The Unsolicited Loan Act of 2018 would prohibit this practice and ensure that consumers access loans only when they proactively apply for them. This legislation mirrors the decades old prohibition on the mailing of live credit cards.
“As working Americans look to make ends meet, lenders will often target cash-strapped families with these mailings. It is unconscionable that someone would take advantage of another person’s dire financial situation to make a quick buck for themselves. We need to end this predatory lending tactic and pass this legislation to protect consumers and their pocketbooks,” said Jones.
It has been long recognized by Congress that consumer loans should require an application by a customer. In fact, Congress banned the mailing of unsolicited live credit cards nearly 50 years ago. In modern lending, a formal loan application can often take just minutes. The bill does not prohibit the direct marketing or mailing of a loan application, but rather provides common-sense consumer protections without limiting access to credit for consumers who willingly apply and seek lending products.This legislation would provide common-sense consumer protections without limiting access to credit for consumers who willingly apply and seek lending products.
“People should understand clearly when they are taking on debt. But because ‘live’ checks mailed directly to consumers don’t require an application or any previous relationship with the consumer, many individuals don’t realize that these checks are actually high-interest loans until it’s too late.

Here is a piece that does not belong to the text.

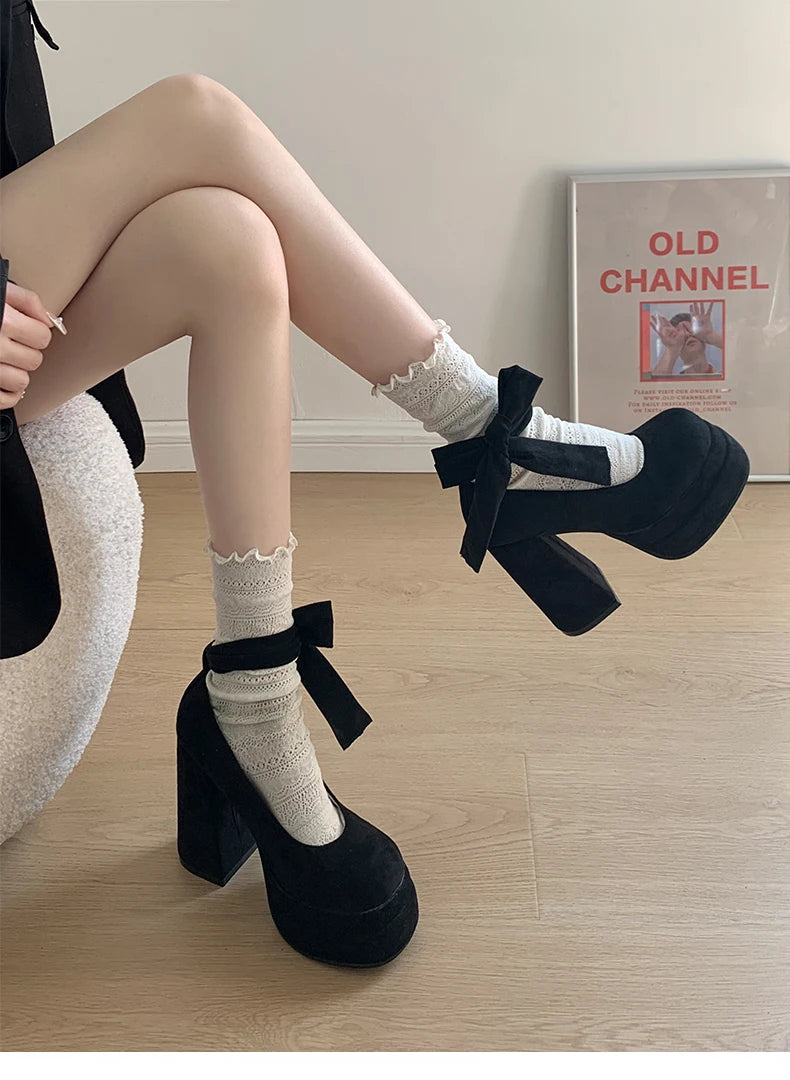 Soufree  -  Designer Platform Women Mary Jane Shoes Fashion Elegant Cross Strap Thick Heel Shoes Ladies College Style Dress Pumps Shoes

Just like Congress ended the practice of mailing ‘live’ credit cards nearly 50 years ago, Congress should pass our bill now to stop this underhanded practice,” explained Cotton.
The bill would also ensure that companies cannot shift from the mailing of live checks to other forms of transfer, such as a gift card or an “e-check.” In addition, it would ensure that customers are not liable for debt incurred from an illegal, unsolicited live check loan.
“When you receive a check in the mail, it’s natural to assume that depositing it will help—not hurt—your bottom line,” added Merkley. “But these checks don’t pad consumers’ pocketbooks; instead, they send them into a vortex of debt. The practice of mailing high-interest loans disguised as checks is unconscionable and clearly predatory. Today, we’re sending a bipartisan message that this unacceptable practice must end.”
The National Consumer Law Center has endorsed this legislation on behalf of its low-income clients.